Introduction
U.S. regulatory enforcement is tightening — and the numbers reflect it. Penalties across federal regulators hit $4.3 billion in 2024, with bank-specific fines surging 522% to $3.65 billion. FinCEN's record $1.3 billion penalty against TD Bank made one thing plain: program-level compliance failures don't just cost money — they threaten a bank's operating license.
Those stakes make compliance hiring more consequential than ever — and harder. Demand for qualified compliance professionals is outpacing supply. The BLS projects only 3% employment growth for compliance officers over the next decade — yet roughly 33,300 positions open annually just from replacement demand. Retirement, burnout, and specialization gaps are leaving institutions exposed at exactly the wrong time.

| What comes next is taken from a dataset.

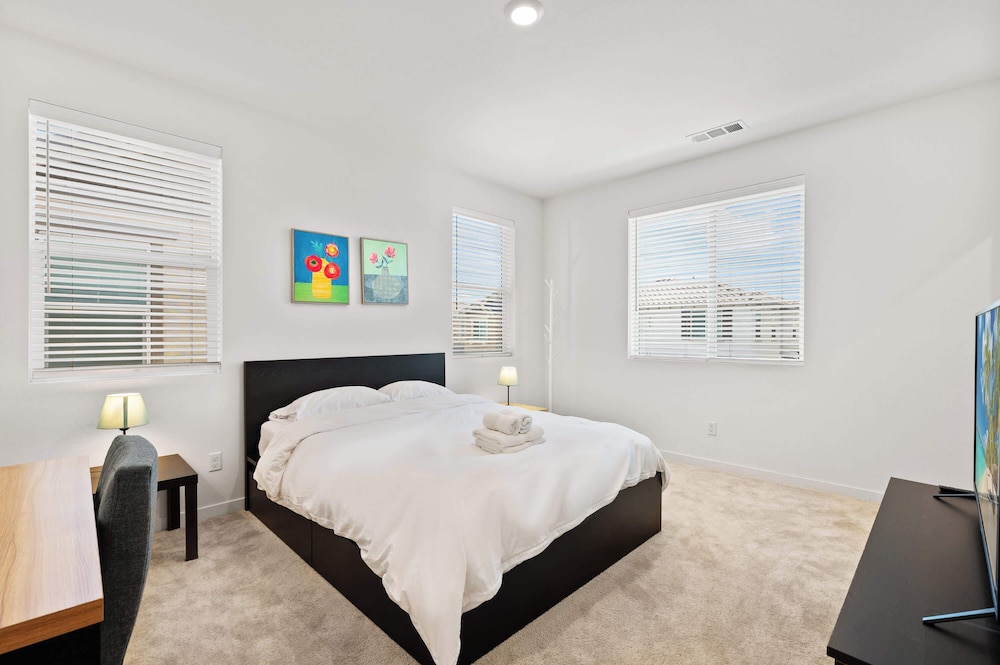 Sunny & Stylish Near LA 4BR Home w Desks & Lounge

This guide covers the regulatory landscape driving that demand, the roles institutions need to fill, and what to prioritize when hiring compliance leaders who can keep your institution out of an enforcement action.
TL;DR
- Federal and state regulations (SOX, GLBA, BSA/AML, CCPA, 23 NYCRR 500) create distinct compliance hiring needs across financial institutions
- Non-compliance carries real costs: fines, enforcement actions, reputational damage, and examiner scrutiny
- Key compliance roles — CCO, BSA/AML Officer, Fair Lending Specialist — demand specialized expertise that varies significantly by function
- The strongest compliance hires combine credentials (CRCM, CAMS) and examiner experience with genuine leadership ability
- In a tight talent market, working with a specialized recruiter provides access to passive candidates that job postings won't reach
What Is Financial Regulatory Compliance, and Why Does It Keep Escalating?

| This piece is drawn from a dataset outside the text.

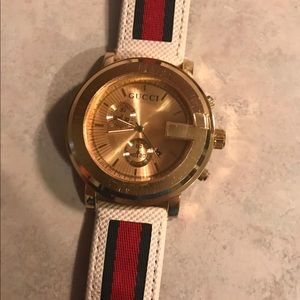 Gold Men's Gucci Watch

Financial regulatory compliance is the set of systems, policies, and practices institutions use to meet legal and ethical standards — covering consumer protection, data security, anti-money laundering, capital requirements, and more. It's not a single framework. It's a layered, overlapping set of obligations enforced by multiple agencies with distinct mandates.

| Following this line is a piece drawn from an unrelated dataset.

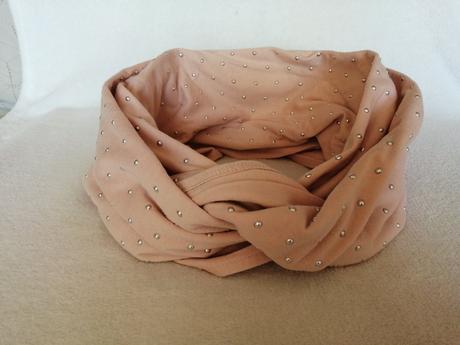 Pekný nákrčník so striebornými kamienkami,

The Federal Oversight Structure
| Agency | Primary Oversight Focus |
|---|---|
| OCC | National banks and federal savings associations |
| FDIC | State-chartered non-member banks and all insured depositories |
| CFPB | Consumer financial law enforcement for banks over $10B and non-bank providers |
| SEC | Public companies, broker-dealers, and investment advisers |
| FINRA | Broker-dealer firms and registered representatives |
State regulators layer on top of this. New York's DFS, California's DFPI, and others have advanced their own requirements — often with stricter standards than federal minimums — creating a patchwork burden for any multi-state institution.
Why the Burden Keeps Growing
The Wolters Kluwer Regulatory & Risk Management Indicator rose to 119 in 2023, a 25-point jump from 94 the prior year — the sharpest single-year escalation in the survey's history. Since the 2008 financial crisis, regulatory volume has expanded steadily, and enforcement intensity has followed. Transaction monitoring violations alone generated $3.3 billion in penalties in 2024 — a 100% year-over-year increase.

Each new regulation, enforcement action, or agency guidance creates immediate demand for someone qualified to own it. That's why experienced compliance professionals have become among the most competed-for hires in financial services.
Key Regulations Driving Compliance Hiring Demand
SOX and GLBA
Sarbanes-Oxley (SOX) requires CEO and CFO quarterly certification of financial disclosures (Section 302) and annual management assessment of internal controls over financial reporting (Section 404). IT access controls, audit trails, and financial record retention all fall within scope. Institutions need compliance professionals who understand both financial governance and technology security requirements.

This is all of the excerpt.